[LRUG] Startup Timeline

Najaf Ali ali at happybearsoftware.com
Mon Mar 3 12:56:59 PST 2014


I'm mostly just playing at this entrepreneurship thing (i.e. my goals are
somewhat modest[0] and I don't have the risk tolerance to bet the farm on
any single idea) so take from that what you will, but I've got more failed
products swimming around in my home directory than I'd care to enumerate.

My general rule for any business idea now is that I need money in the bank
(i.e. pre-orders) before I write a line of code/material/whatever. Think of
it as test-driven business: prove the business case first and then create
the content or software to meet the demand. This talk by Patrick McKenzie
from MicroConf 2012 <http://vimeo.com/47311461> (from about 08:00 to 14:30)
details how he learned to do it when doing custdev for Appointment
Reminder<https://www.appointmentreminder.org/>,
which by all accounts is doing quite well.  This strategy has also worked
quite well for the training offerings and consulting packages (not time and
materials development work) I've been busy with lately.

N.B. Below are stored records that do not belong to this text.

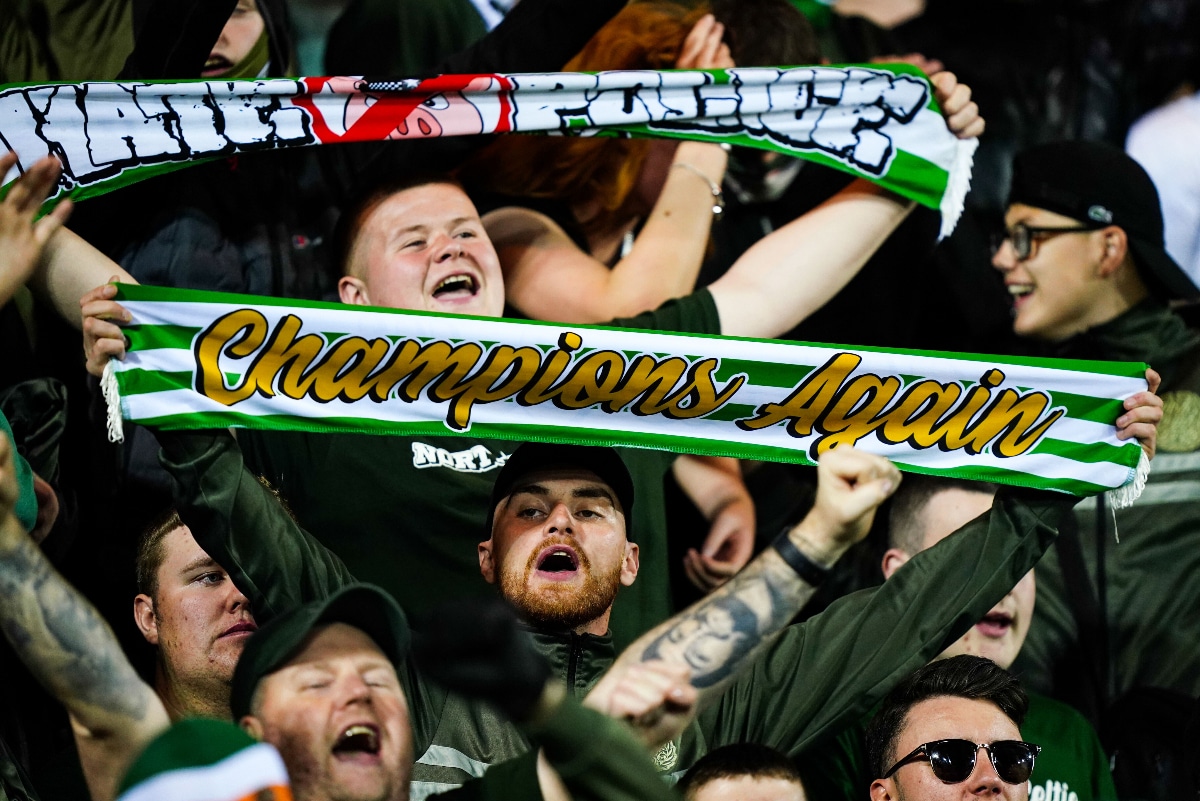 Celtic title celebrations: Hoops fans celebrate third consecutive title 1 Celtic title celebrations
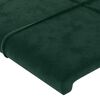 vidaXL Cadre de lit sans matelas vert fonc&eacute; 140x190 cm velours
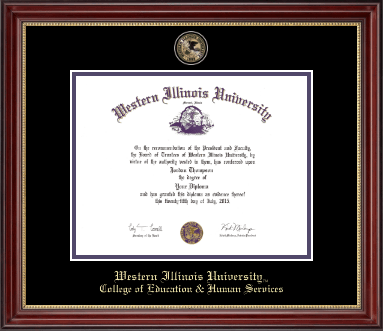 Western Illinois University diploma frame - Masterpiece Medallion Diploma Frame in Kensington Gold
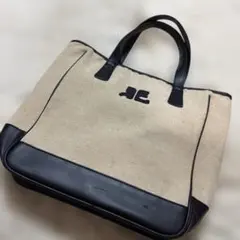 courreges　クレージュ　トートバック Vintage y2k ロゴのサムネイル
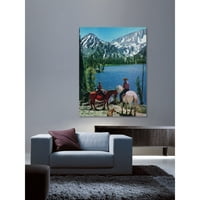 Marmont Hill Wallows Mountains pictură imprimată pe pânză înfășurată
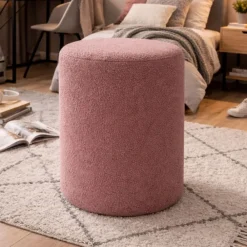 Dzieci Hauss Pufy Do Przedpokoju|Pufy Do Pokoju Młodzieżowego*Okragła pufa baranek boucle różowa Roller Baloo 2071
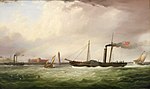 Samuel Walters Hjulångaren Ariel (1831), National Maritime Museum i Greenwich.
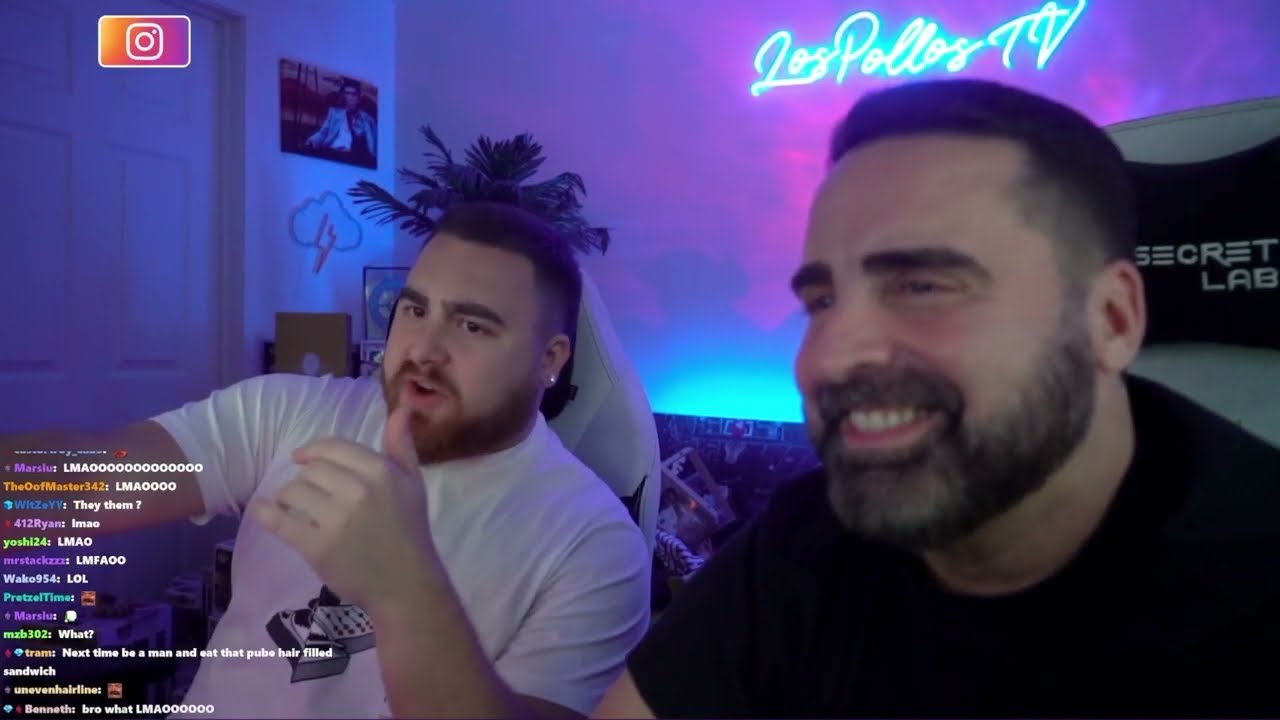 LosPollosTV & Wad Tell HILARIOUS Horror Story About His Food Order From Jersey Mikes *MUST WATCH*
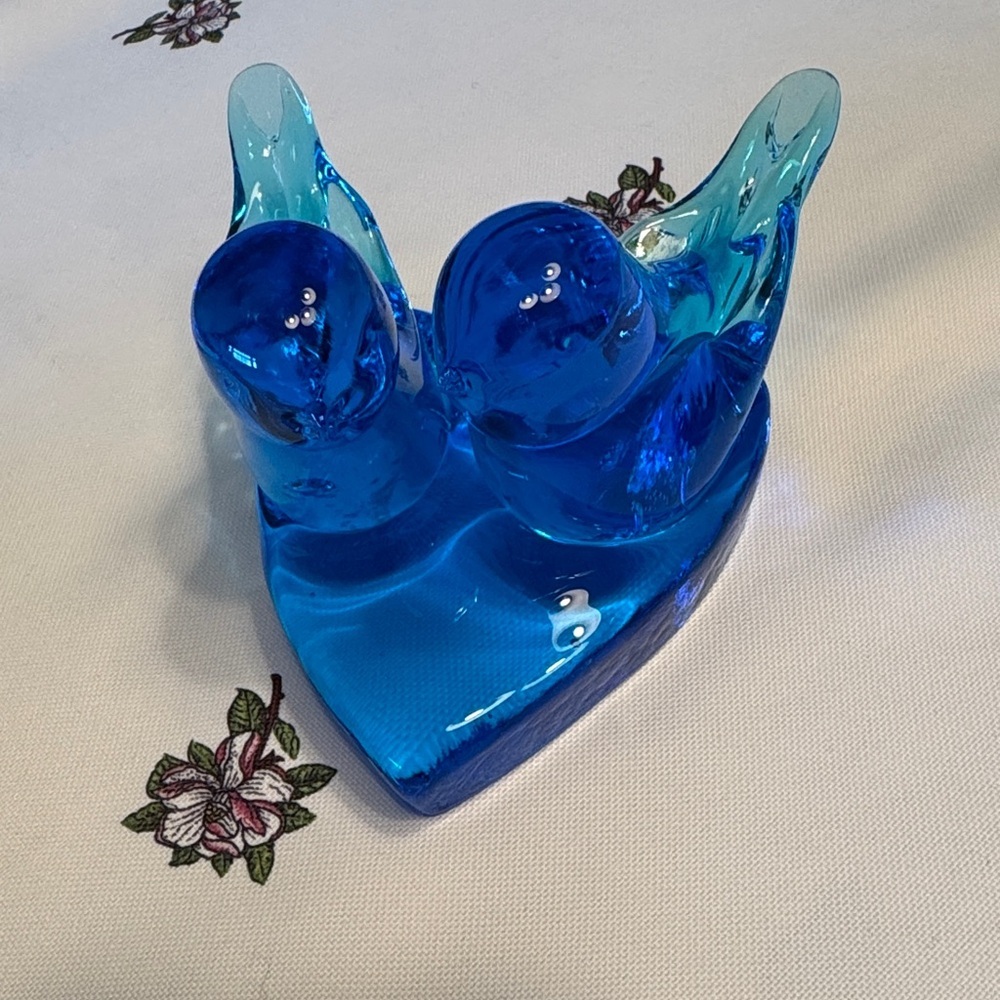 Vintage Leo Ward blue bird of happiness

If I was going to focus on building a SaaS product I'd try to pick a market
where I can make an offer that fits within the constraints that Jason Cohen
(of A Smart Bear and WPEngine) outlines in this
talk<http://vimeo.com/74338272> (also
from MicroConf, but 2013 instead).

Cheers,

P.S. This is kind of off-topic for LRUG, so if this sort of thing interests
you then we have a monthly support group that meets near Chancery Lane
every month: bootstrappedbusinessmeetup.com

[0]: Well, modest compared to the default raise lots of funding, swing for
the fences and get acquired by AmaGooBookSoft for Scrooge McDuck money
strategy. I'd be content with a "lifestyle" business i.e. a couple of
million a year in annual revenue plus a house near a beach with a study and
a workshop



On Mon, Mar 3, 2014 at 7:00 PM, Paul Robinson <paul at iconoplex.co.uk> wrote:

> On 3 March 2014 12:10, MG Lim <mirageglobe at gmail.com> wrote:
>
> I am curious about how things for how ideas move on.... -> panning out to
>> projects -> gathering a team and finally to funding rounds?
>>
>
>
> Mistake number 1 I know I made: thinking that entrepreneurship is about
> taking an idea and progressing it. This isn't just about software
> entrepreneurship but covers everything from inventing a better mousetrap to
> opening a pub.
>
> Entrepreneurship is about identifying a market need and coming up with a
> solution that fixes it better than the alternatives in the minds of the
> customer.
>
> It's a subtle difference, but the change in emphasis is really important.
> It is not enough to have an idea and move it on: it needs you to spot a
> market need and identify the solution, and then how you discuss that with
> stakeholders (including the market) is what actually dictates the movement.
>
> The more obvious the need the more excited people will be about a solution
> (and the easier it will be to raise money, recruit, etc.). The more
> convincing your solution, the quicker you will be able to go (because
> you'll get more more money, more people, etc.).
>
> As a result, detailed planning of almost anything pre-launch is likely
> wishful thinking at best.
>
>
>
>> More of a general discussion; but what have your experiences been; if you
>> have been in that path or part of that path? "I wish I had done that in the
>> beginning" moments..
>>
>
>
> I wish I had been considerably more conservative and bearish with my
> time/cost estimates on many occasions. On two occasions with hindsight I
> allowed stakeholders with insufficient experience to take too much control
> (so I got blamed for their fuck-ups), and on one occasion I did not let
> them have enough (so they lost passion for what they were doing).
>
>
>
>> Marketing hells? Traction problems and in reality, the project took a
>> good 3~5 years before media reported it as an overnight success.
>>
>
>
> Actually the reality is after 3-5 years you're probably on the wrong path
> and in need of a pivot if you're not seeing growth. Most of the household
> names had serious traction in under 18 months.
>
>
>
>> PS: particularly with ruby-based frameworks / meteor styled frameworks;
>> prototypes are quick to be churned out.
>>
>
>
> There is no doubt that the power of modern frameworks reduces the time to
> ship and therefore the cost.
>
> What is harder to swallow for most technologists is that shipping the
> product means virtually nothing on its own.
>
> In the same way a marketing team can only get so far with vapourware and
> the fact they will eventually need to ship product, an engineering team can
> only get so far without some serious marketing talent. Good companies with
> strong traction get that way by getting both almost perfect and in harmony.